И — при всех сделанных выше оговорках — в «Жемчугах» уже есть несколько стихотворений, отчетливо предсказывающих его поздние шедевры, а иногда и приближающихся к этим шедеврам по качеству. Увы! Лишь одно из этих стихотворений, «Маркиз де Карабас», было отмечено Ивановым («бесподобная идиллия») и Росмером. Анненский еще в 1908 году обратил внимание на «Лесной пожар» (да Львов-Рогачевский посмеялся над обезьяной, которая — подумать только! — «держит финик и пронзительно визжит»). Никто не сказал доброго слова про «Молитву»:

  • Солнце свирепое, солнце грозящее,
  • Бога, в пространствах идущего,
  • Лицо сумасшедшее,
  • Солнце, сожги настоящее
  • Во имя грядущего,
  • Но помилуй прошедшее!

Между тем едва ли у Брюсова есть что-нибудь подобное по энергии, точности и лаконизму выражения поэтической мысли — и по смелости самой мысли. Наконец, возможно, вершинное стихотворение «Жемчугов» — «Заводи», посвященные Н. В. Анненской, тоже осталось незамеченным:

  • Солнце скрылось на западе
  • За полями обетованными,
  • И стали тихие заводи
  • Синими и благоуханными.
  • Сонно дрогнул камыш,
  • Пролетела летучая мышь,
  • Рыба плеснулась в омуте…
  • …И направились к дому те,
  • У кого есть дом
  • С голубыми ставнями,
  • С креслами давними
  • И круглым чайным столом.
  • Я один остался на воздухе
  • Смотреть на сонную заводь,
  • Где днем так отрадно плавать,
  • А вечером плакать,
  • Потому что я люблю Тебя, Господи.

Лишь Росмер процитировал последнюю строчку, прибавив, что в религиозность Гумилева «не веришь». Между тем такого открытого и точно организованного дыхания, вдруг сужающегося и взрывающегося в последней строке, у Гумилева не будет еще очень долго. Это один из пленительных и случайных юношеских прорывов в собственную зрелость, которые есть у каждого поэта. Цитируя самого Гумилева: «Шестнадцатилетний Лермонтов написал «Ангела» и только через десять лет смог написать равное ему стихотворение…» («Читатель»). Но и «Ангел» не был замечен современниками…

Техническое замечание: в «Жемчугах» Гумилев экспериментирует с составными рифмами, которые позже станут «визитной карточкой» его литературного неприятеля — Маяковского. Эти эксперименты («тоску нести» — юности», «омуте — дому те») были строго осуждены критиками. Составная рифма считалась вульгарной.

Что еще было «не замечено» в «Жемчугах»? «Товарищ»… «У меня не живут цветы…» Собственно, самые «гумилевские», наиболее самобытные стихи! Случайно ли это?

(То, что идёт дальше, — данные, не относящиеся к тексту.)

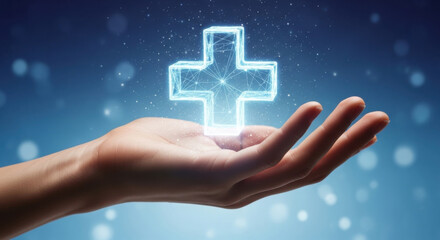 Glowing Blue Plus Sign Hovering Above Hand on Gradient Background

Никто не обратил внимания и на происхождение названия книги. Между тем оно восходит к рассказу «Скрипка Страдивариуса», напечатанному в седьмом номере «Весов» за 1909 год. Сюжет рассказа таков: знаменитый композитор Паоло, охваченный гордыней, стремится сотворить невиданный шедевр. Он владеет лучшей скрипкой в мире — «любимым созданием великого Страдивариуса». «Только ей он был обязан лучшими часами своей жизни, она заменяла ему мир, от которого он отрекся для искусства, была то стыдливой невестой, то дразняще покорной любовницей». Но сейчас скрипка отказывалась служить ему: она, «покорная и нежная, как всегда, смеялась и пела, скользила по мыслям, но, доходя до рокового предела, останавливалась, как кровный арабский конь, сдержанный легким движением удил. И казалось, что она ласкается к своему другу, моля простить ее за непослушание». Мэтра охватывает смятение. «Внезапно его мозг словно бичом хлестнула страшная мысль. Что, если уже в начале его гений дошел до своего предела и у него не хватит силы подняться выше? Ведь тогда неслыханное дотоле соло не будет окончено! Ждать, совершенствоваться? Но он слишком стар для этого, а молитва помогает только при создании вещей простых и благочестивых». В этот момент ему является во сне «невысокий гибкий незнакомец с бородкой черной и курчавой и острым взглядом, как в старину изображали немецких миннезингеров. Его обнаженные руки и ноги были перевиты нитями жемчуга серого, черного и розового».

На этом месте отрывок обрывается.